How much methane leaks out of the ground during the fracking process? There’s a long-running debate over that question, and the answer could determine the role of natural gas in a climate-changed world. Natural gas burns more cleanly than coal and oil, but that benefit could be outweighed if fracking causes significant releases of methane, a greenhouse gas that is orders of magnitude more effective at trapping heat than carbon dioxide.
Last year, researchers from Cornell reported that fracked natural-gas wells leak 40 to 60 percent more methane than conventional natural-gas wells — making fracking a more dangerous source of greenhouse gas emissions than coal.
But today, a team from MIT suggested the Cornell report may be incorrect — that fracking doesn’t result in much more methane emission than standard natural-gas drilling.
From E&E News:
[A]bout 216 gigagrams of methane [emitted] in 2010 … was due to hydraulic fracturing, a technique in which drillers inject pressurized water, sand and chemicals to fracture shale rock and release trapped gas.

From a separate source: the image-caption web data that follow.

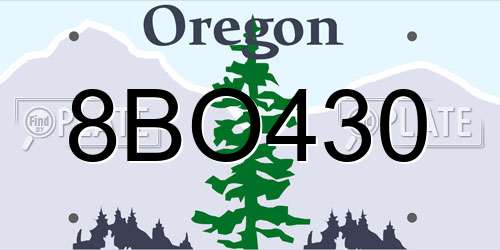 8BO430 Oregon License Plate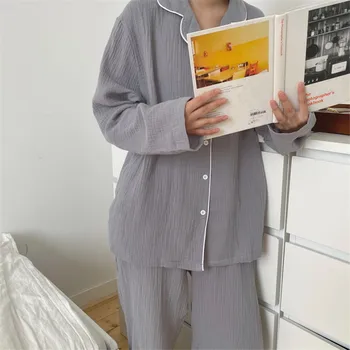 Oamenii solidă bumbac pijama set de toamnă femei pijamale cu maneca lunga butonul pigiama pijama, pijamale, seturi de simplu de 2 piese de îmbrăcăminte de noapte L036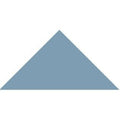 A solid light blue Victorian floor tile in a triangular shape measuring 50 x 36 x 36mm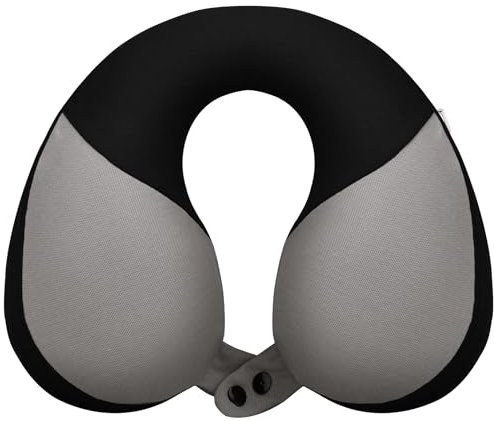 INFANZIA Kids Neck Pillow for Travel, Soft Memory Foam Kids Travel Pillow for Neck Chin Support, Portable U Shaped Neck Pillow for Home, Camping, Sleeping, Gifts for Toddler & Children(Black&Grey)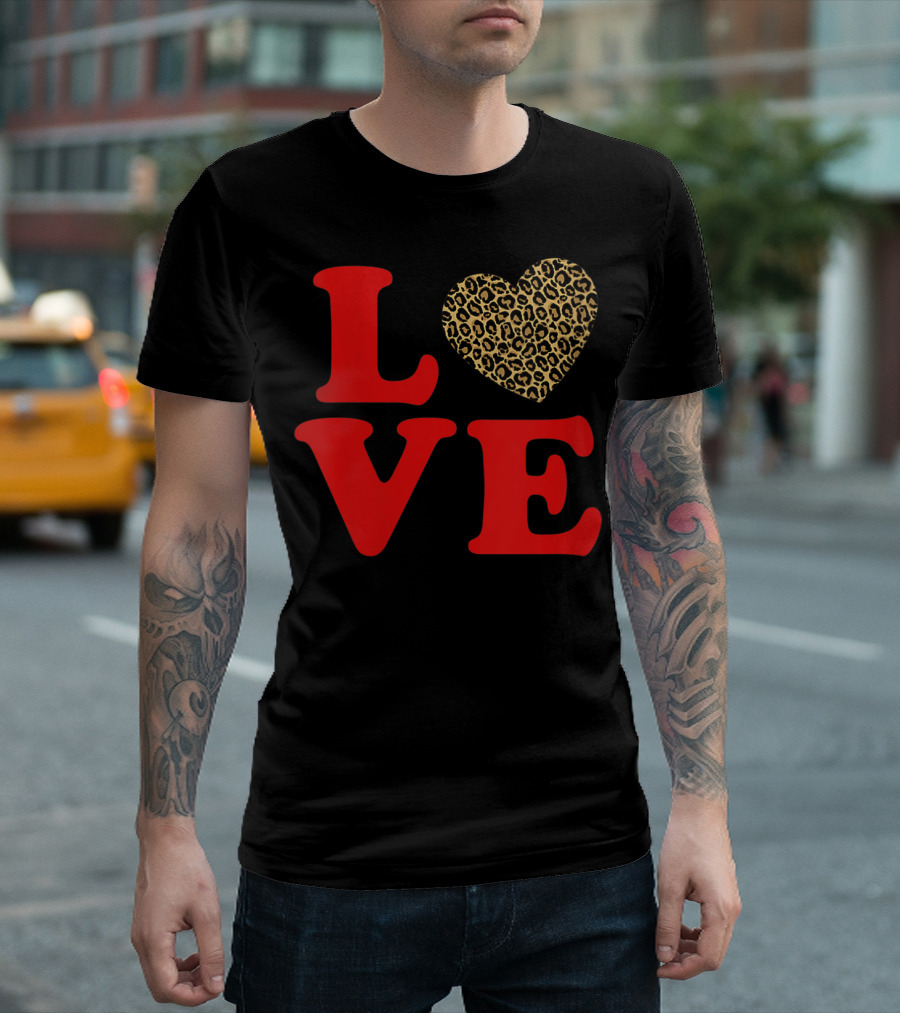 LOVE Leopard Heart Valentines Day Cute T-Shirt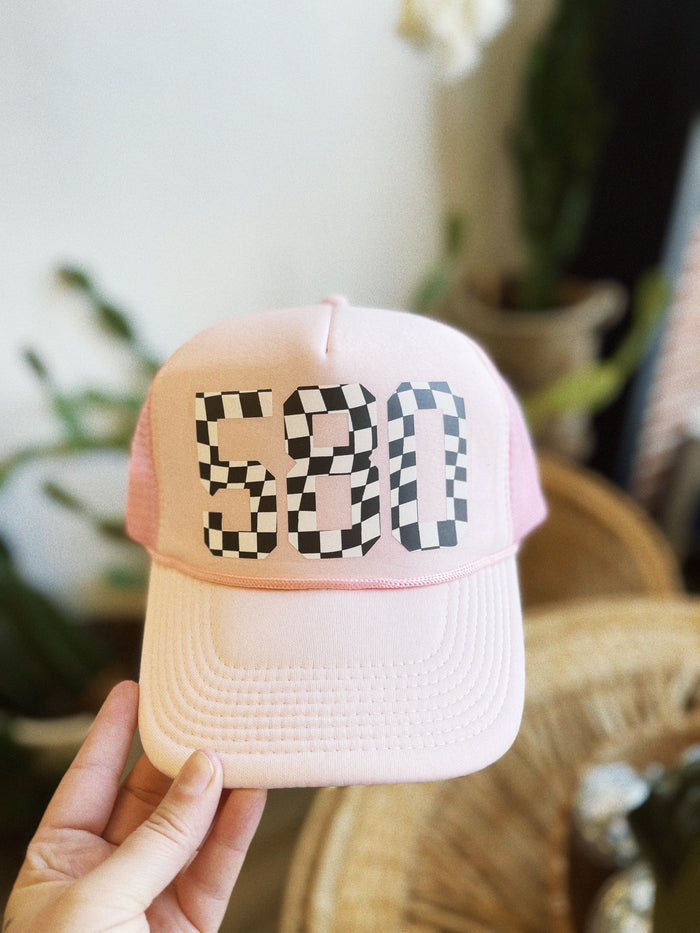 580 Trucker - Baby Pink w/ B&W Logo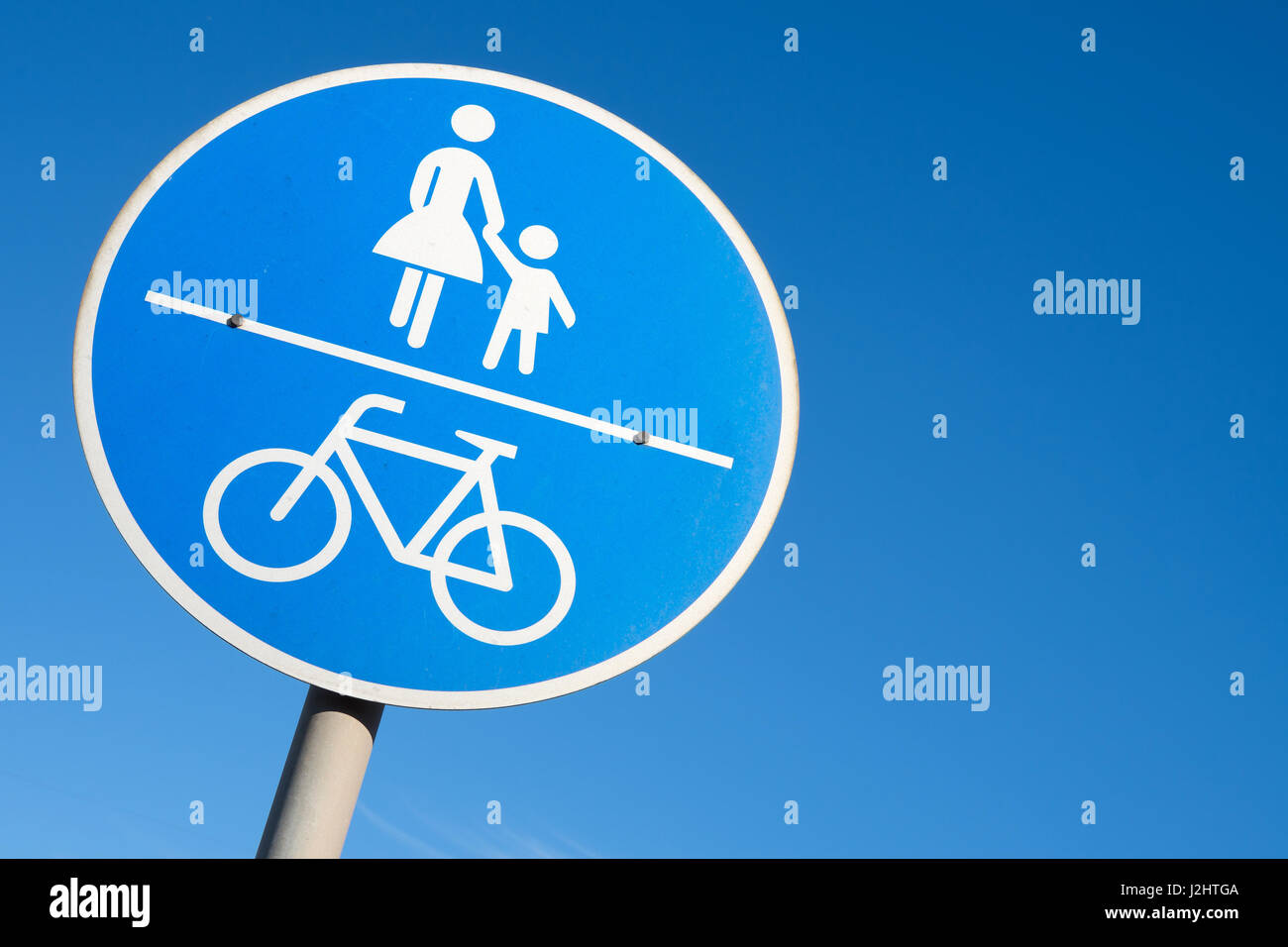 German road sign: shared use path Stock Photo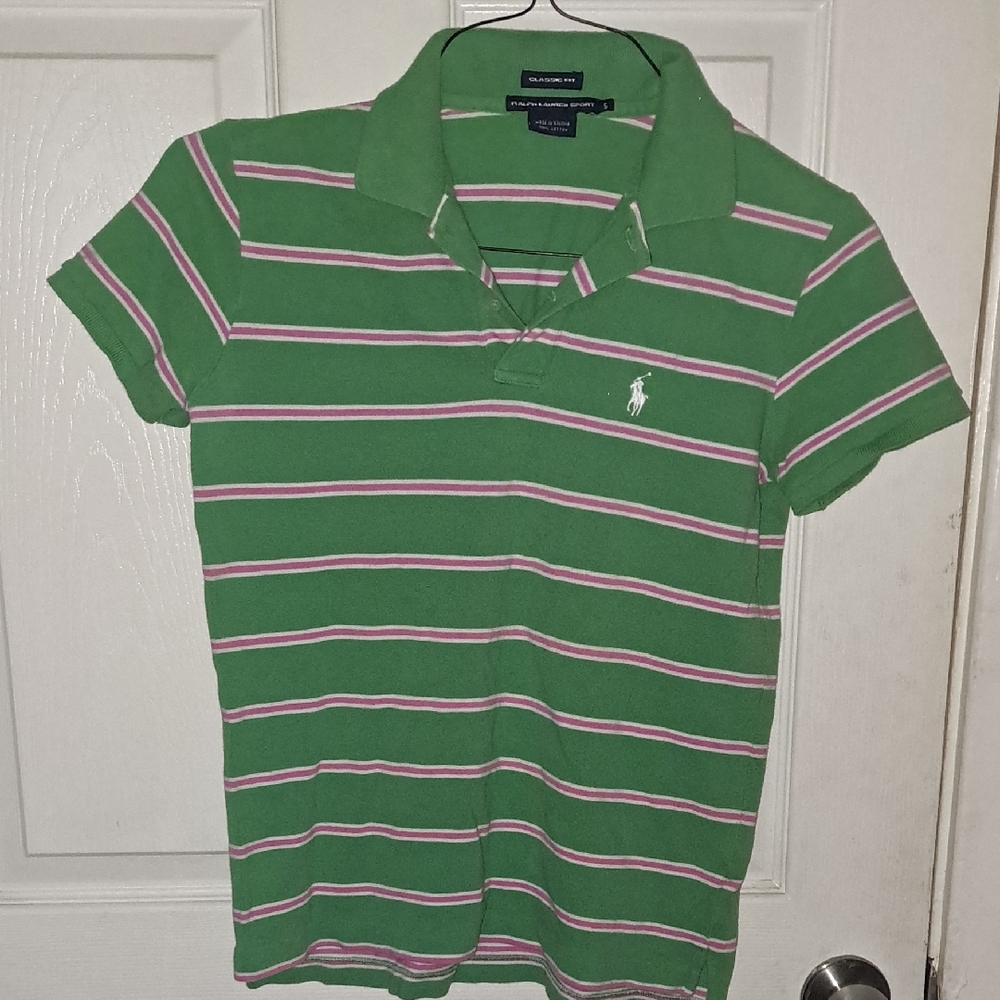 Ralph Lauren Green Polo with Pink and White Stripes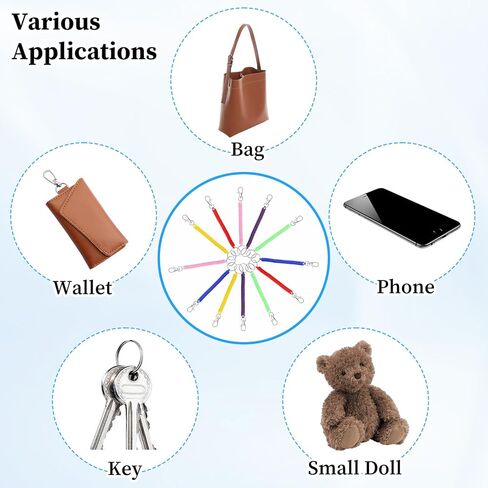 60 قطعة من سلاسل المفاتيح ذات الملف الزنبركي القابلة للسحب - 6 ألوان متنوعة مع مشبك جراد البحر للمفاتيح، والمحفظة، والمحفظة، والهاتف، وشارة الهوية، وحبل معصم قابل للتمدد مضاد للفقدان in Kuwait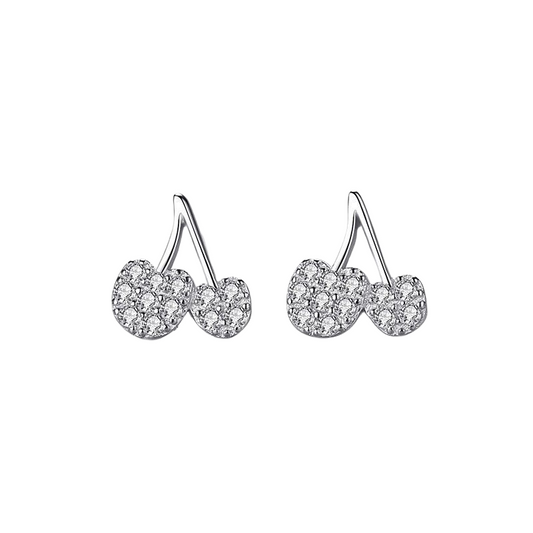S925 Cherry Crystal Stud Earrings Aura Rene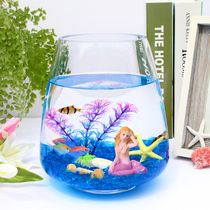 Mini Eco Thickened Ultra White Glass Fish Tank Living Room Small Home Desktop Office Round Creative Turtle Cylinder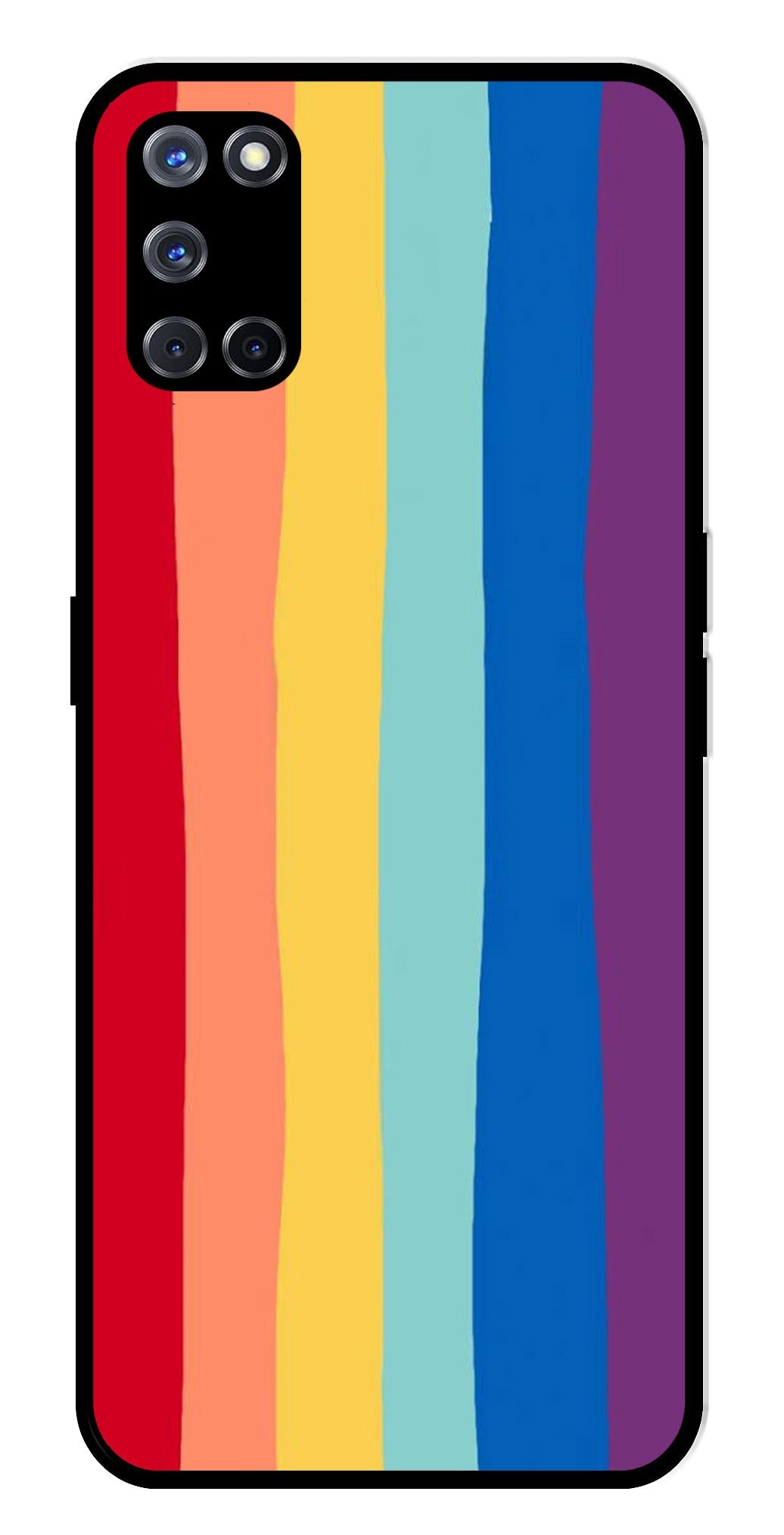 Rainbow MultiColor Metal Mobile Case for Oppo A52   (Design No -03)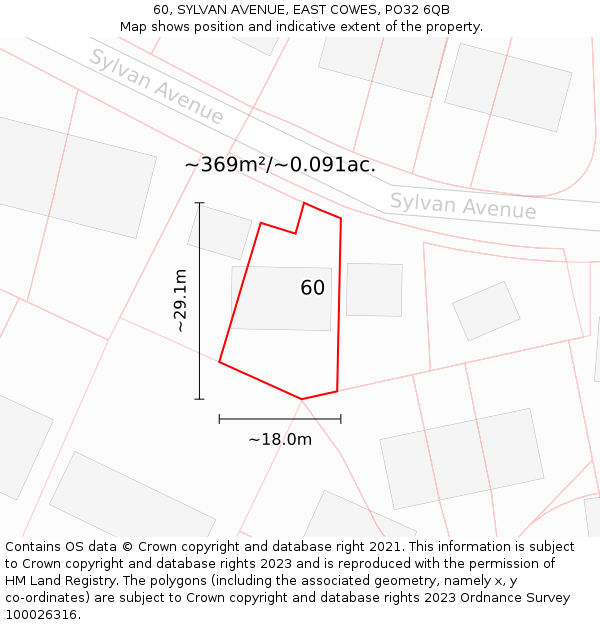 60, SYLVAN AVENUE, EAST COWES, PO32 6QB: Plot and title map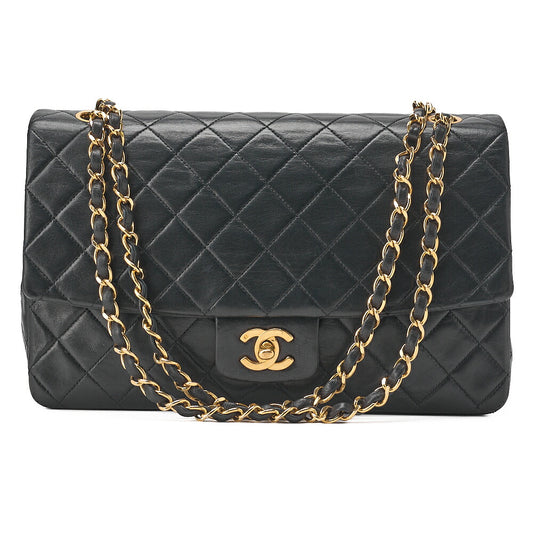 CHANEL Lambskin Matelasse Straight Design Flap with Pouch Chain Shoulder Black Gold-Tone Hardware, Pre-Owned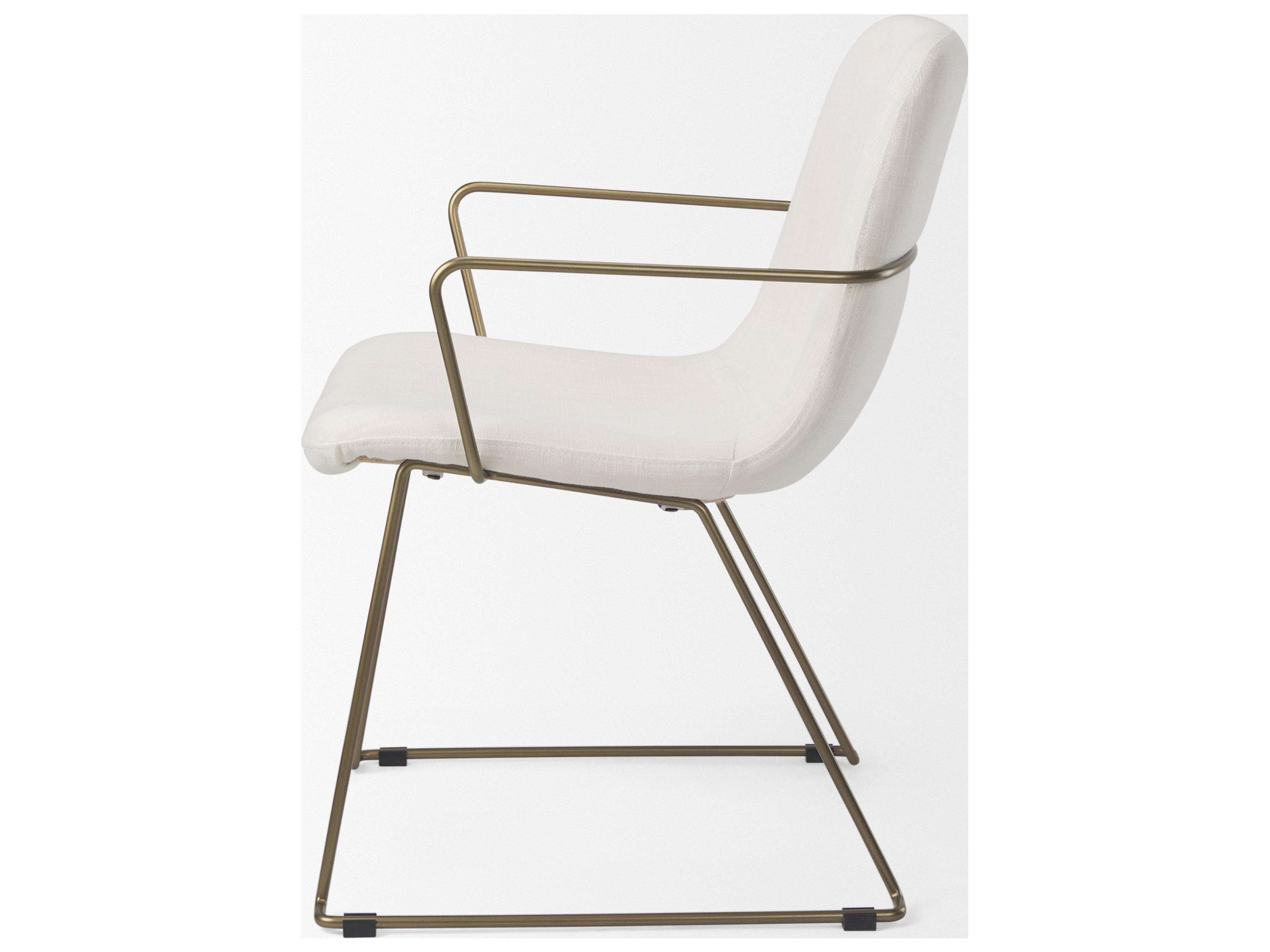 Mercana Sawyer Cream Fabric Wrap Gold Metal Frame Dining Chair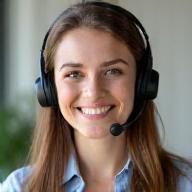 Support person assisting with a headset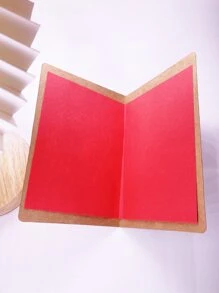 1片的信封帶激光雕刻鏤空牛皮紙紅色的事件內側聖誕假期聖誕賀卡 - 紅色 - 查看 3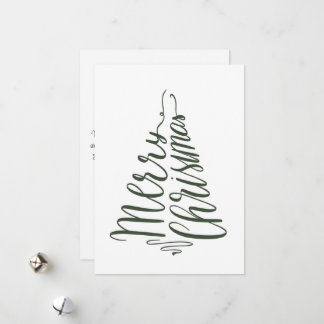 Minimalist Modern Merry Christmas GreenTree Script Holiday Card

Fracking accounted for 3.6 percent of the 6,002 gigagrams of methane emitted overall by natural gas operations in 2010.
The implication is that shale gas drilling operations leak most of their methane from much of the same points as conventional gas drilling operations: pipelines, compressor stations, valves and other point sources. These account for about 96.4 percent of the emissions from a gas production site, the study finds.
There are a few caveats. The first is that the methodology for the calculations is based on different assumptions than those used by the EPA.
Depending on who is asked, companies either almost completely capture or flare their methane during completions, or almost completely vent the gas to the atmosphere. U.S. EPA assumes that half the gas is flared and half is vented.
In the MIT study, the authors assume that 70 percent is captured, 15 percent is flared and 15 percent is vented. They term this “current field practice” and say it is based on “extensive discussions with industry, EPA and other relevant groups regarding actual field practice.”
If those assumptions are off, it means that the study’s calculations on methane release are also incorrect. But we’ll defer to MIT.
Another caveat: It’s difficult to tell from this study how much more methane is released from fracked wells than traditional wells. The Energy Information Administration doesn’t have data for 2010, oddly, so it’s hard to compare. (The MIT study itself [PDF] doesn’t seem to have that data either.)
And the third (and most important) caveat: MIT’s research suggests that 3.1 percent of the nation’s entire 2010 greenhouse gas output in 2010 came from leaks in the natural gas production and distribution chain. Reducing that massive waste — some 10,259 gigagrams — could do much more to reduce warming than banning fracking. (We could start in Boston.)
It seems safe to assume that this research is not the final word on emissions related to fracking. But it can actually be considered good news: The negative effects of a controversial process may be lower than thought.